Born 14 June, 1813! The secret of his birth date was found in the archives of Newfoundland and Labrador, which included a copy of the following addition to his diary kept at the National Maritime Museum Greenwich (transcribed in alt text):

PERSONAL DIARY of LIEUT. HENRY THOMAS DUNDAS LE VESCONTE written while on service in the Royal Navy in the China War, during the period of January, 1841 and his return to England on October 10, 1844. Born in Devon June 14, 1813, a son of Captain Henry Le Vesconte, R.N., and Sarah Wills. Joined the Navy in 1829, Volunteer First Class; Lieutenant on the "Calliope" 1838 - 42; promoted 1st Lieut. June 1641 for service on the China coast; present on the "Cornwallis" at the signing of the ceding of Hong Kong. Returned to England October 10, 1844 and posted to the Channel Fleet, H.M.S. "Superb." 1645 - Lieutenant "Erebus" with Sir John Franklin's Expedition to the Arctic. Presented to the Royal Maritime Museum, Greenwich, by Helen Primrose and Lilian Buller Le Vesconte, daughters of the late Colonel Robert Cleugh Le Vesconte, a grand-son of Captain Henry Le Vesconte and nephew of Lieut. Henry Thomas Dundas Le Vesconte. Toronto, Canada, June, 1969. ALT

Noted for his talent in map-making and surveying—as noted in this poston@fabtet’s wonderful James Fitzjames research blog—there are a few quotes pertaining to his activities on the Franklin expedition.

In his published letters to Elizabeth Coningham, Fitzjames referred to spending the day with Le Vesconte on 6 July, 1845, with HMS ErebusandTerror off the Greenland coast:

Every man nearly on shore, running about for a sort of holiday, getting eider ducks’ eggs &c.; curious mosses and plants being collected, as also shells. Le Vesconte and I on the island since six in the morning, surveying. It is very satisfactory to me that he takes to surveying, as I said he would. Sir John is much pleased with him.

— originally published in Nautical Magazine and Naval Chronicle in 1852, full transcript available on another excellent research blog, Arctonauts.
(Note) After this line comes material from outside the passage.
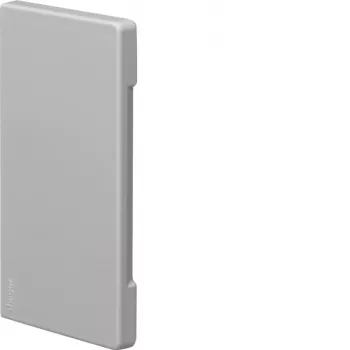 Hager BR 65x130mm halogeenvrije snijafdekkende eindkap, lichtgrijs BR6513067035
(N.B. while these published letters spell Henry’s name as ‘Levescomte’, that’s the error of the transcriber/compositor, not Fitzjames himself, who consistently spelled his friend’s name correctly in his original letters).

Sir John Franklin referenced Henry Le Vesconte in his last letter to his wife, reproduced in The Life of Sir John Franklin R.N. by H.D. Traill (Google Books):

I accompanied Mr. Le Vesconte to the top of the highest land, that we might procure a view of the groups of islands and rocks in this neighbourhood, and take bearings for placing them on the chart.

You may have seen a copy of Henry Le Vesconte’s drawing of Whale Fish Island, Greenland; this picture of the original sketch was sent to me by Russell Potter.

If you look closely, there is a figure on a rock at left with what looks like a theodolite—a self-portrait of Le Vesconte surveying the terrain?